_Exercise data_:
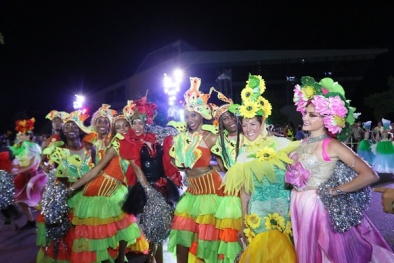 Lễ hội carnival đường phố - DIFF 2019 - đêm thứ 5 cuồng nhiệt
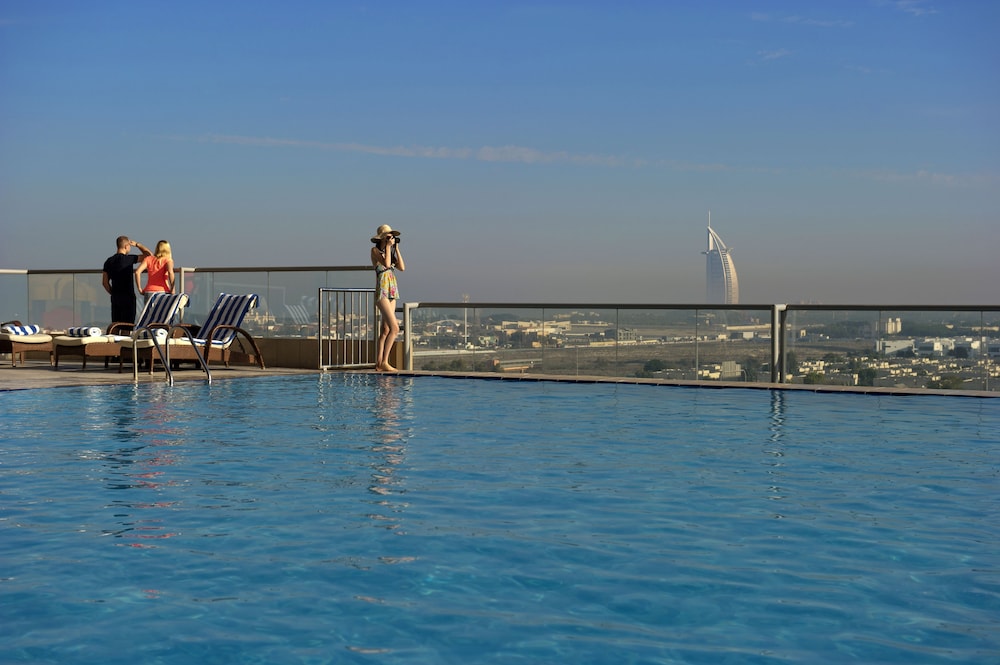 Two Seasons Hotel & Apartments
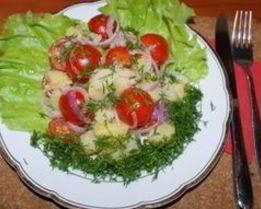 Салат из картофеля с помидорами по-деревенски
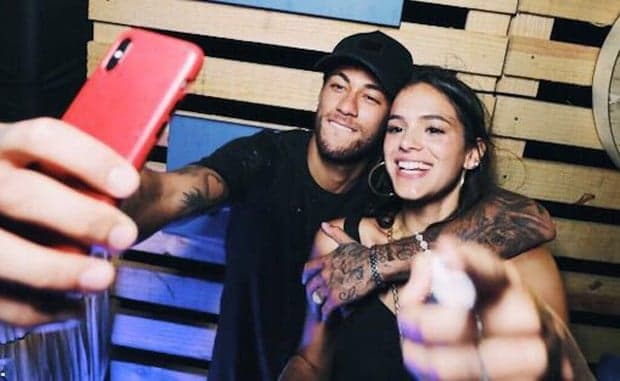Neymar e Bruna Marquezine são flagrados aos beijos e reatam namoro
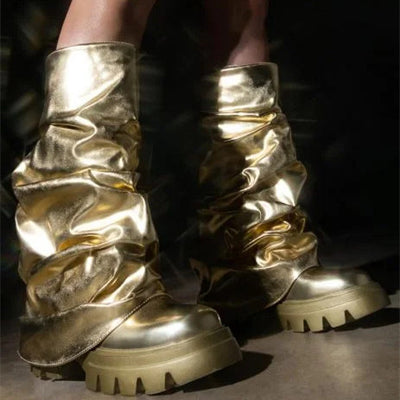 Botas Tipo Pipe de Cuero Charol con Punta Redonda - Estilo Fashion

_Exercise goal_: Reproduce the final stretch of lines exactly: the line containing "Салат из картофеля" through the last line of the data, both included. Pictures do not belong in the copy.

_Finished exercise_:
 Салат из картофеля с помидорами по-деревенски
Neymar e Bruna Marquezine são flagrados aos beijos e reatam namoro
 Botas Tipo Pipe de Cuero Charol con Punta Redonda - Estilo Fashion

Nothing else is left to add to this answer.